What is a trans-generational trauma? Trans-generational trauma is an impact, a transference for which the emotional, physical or social pain a person suffers at a given moment is transmitted to new generations in such a way that it goes beyond mere acquired behaviour.
The subject is not new, in fact the trans-generational or inter-generational trauma was first recognized to the decades after the Second World War. It was during this period that various works were able to demonstrate that generations descended from Holocaust survivors adopted specific behaviours (nightmares, emotional problems and behavioural problems) that highlighted the fact that the grandparents’ original trauma continued to be experienced differently in grandchildren.
We could certainly say that all this can be determined by the style of education, without forgetting the weight of memory and this conscious or unconscious narration which includes all family dynamics. On the other hand, it is also something that goes beyond, something that can occur at a genetic level.
Generations that follow to the person who has suffered from the original trauma do not necessarily develop these same disorders, but they will certainly be more vulnerable than others to anxiety, stress and depression.

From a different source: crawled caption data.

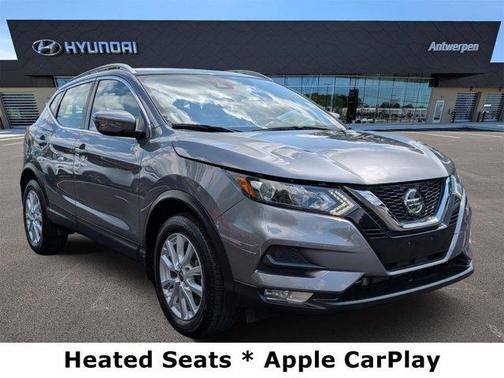 2022 Nissan Rogue Sport SV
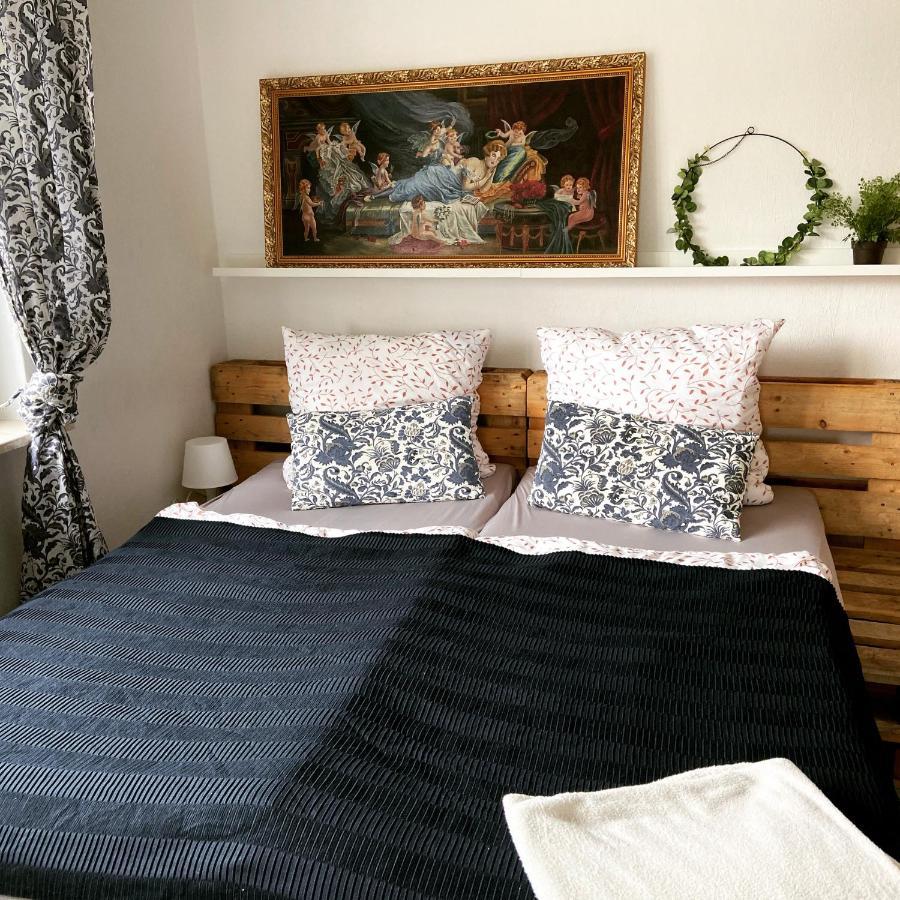 Kleines Ferienzimmer Uckermark Casekow Dış mekan fotoğraf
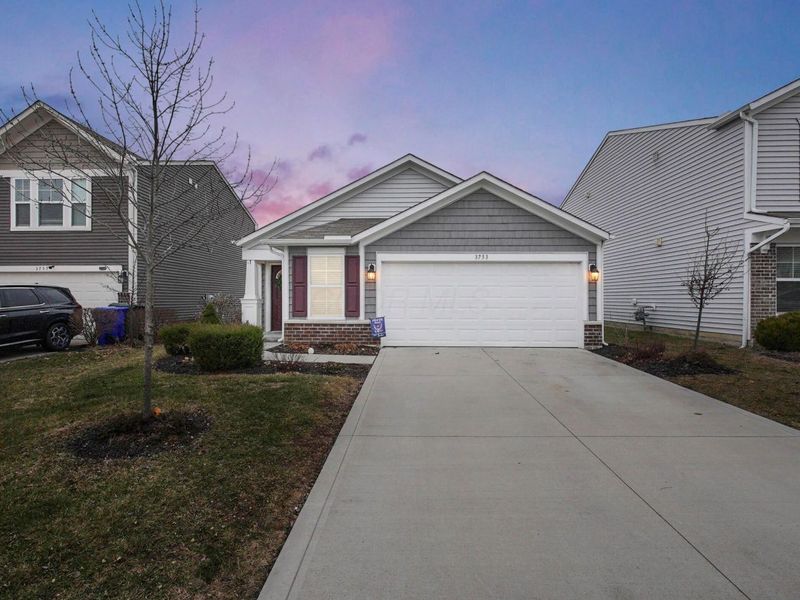 3751 Sugarbark Drive, Canal Winchester, OH 43110 Photo 1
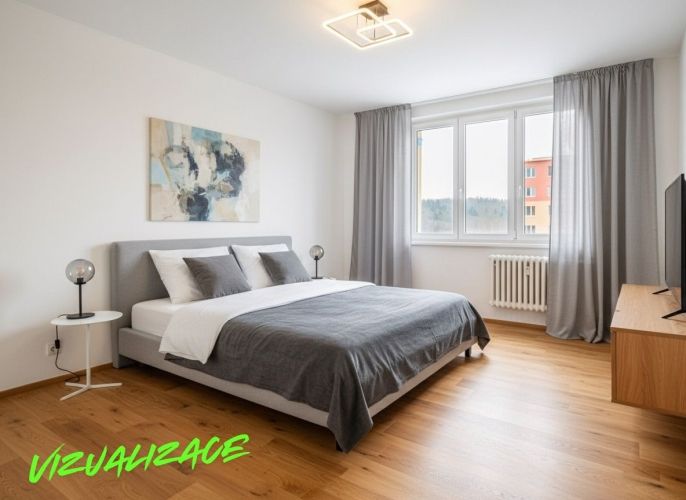 Prodej, Byt 2+1, Říčany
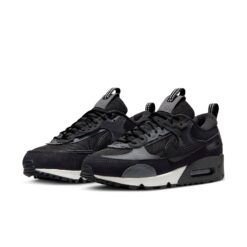 (WMNS) Nike Air Max 90 Futura 'Black Iron Grey' DM9922-003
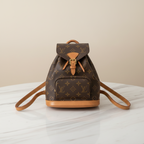 Louis Vuitton Monogram Mini Montsouris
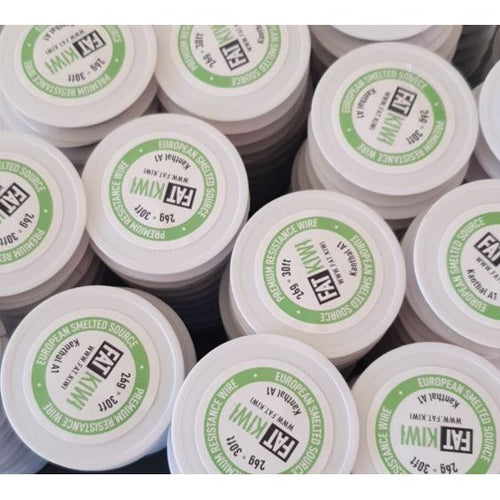 Fat Kiwi ニクロム80抵抗ワイヤー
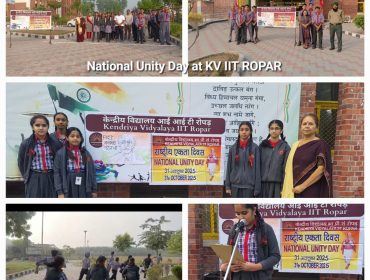 national unity day celebration 2025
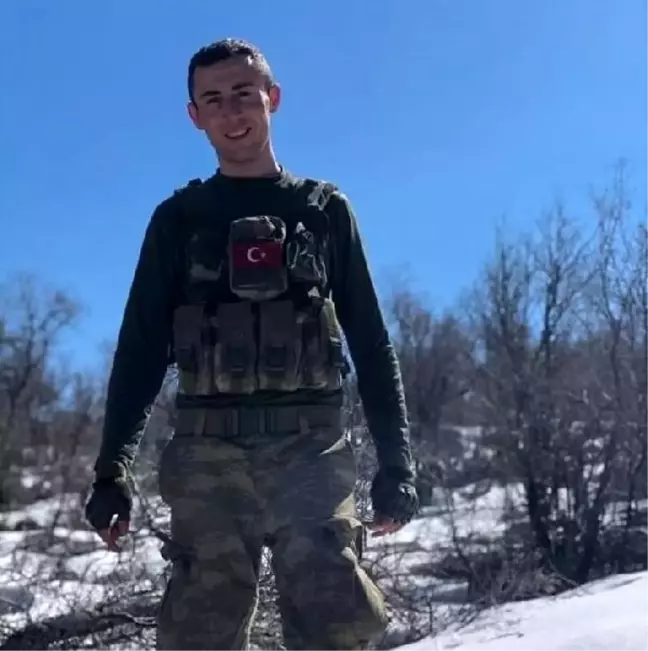 Çorum'da şehit ateşi düştü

The impression of the trauma, the wound, remained buried in the person and is expressed by various means: anxiety, eating disorders, low self-esteem, hyper-vigilance, depression, insomnia, etc. To this, we add a fragile immune system, with weak defences that make this person vulnerable to infections, flu, allergies, etc. This person eventually gives birth to a child. We can not forget, for example, that high levels of cortisol in the blood during pregnancy affect the development of the fetus. This impact reaches our DNA, altering it, so that our descendants are unknowingly trapped in a sort of collective and unconscious solidarity with this original trauma.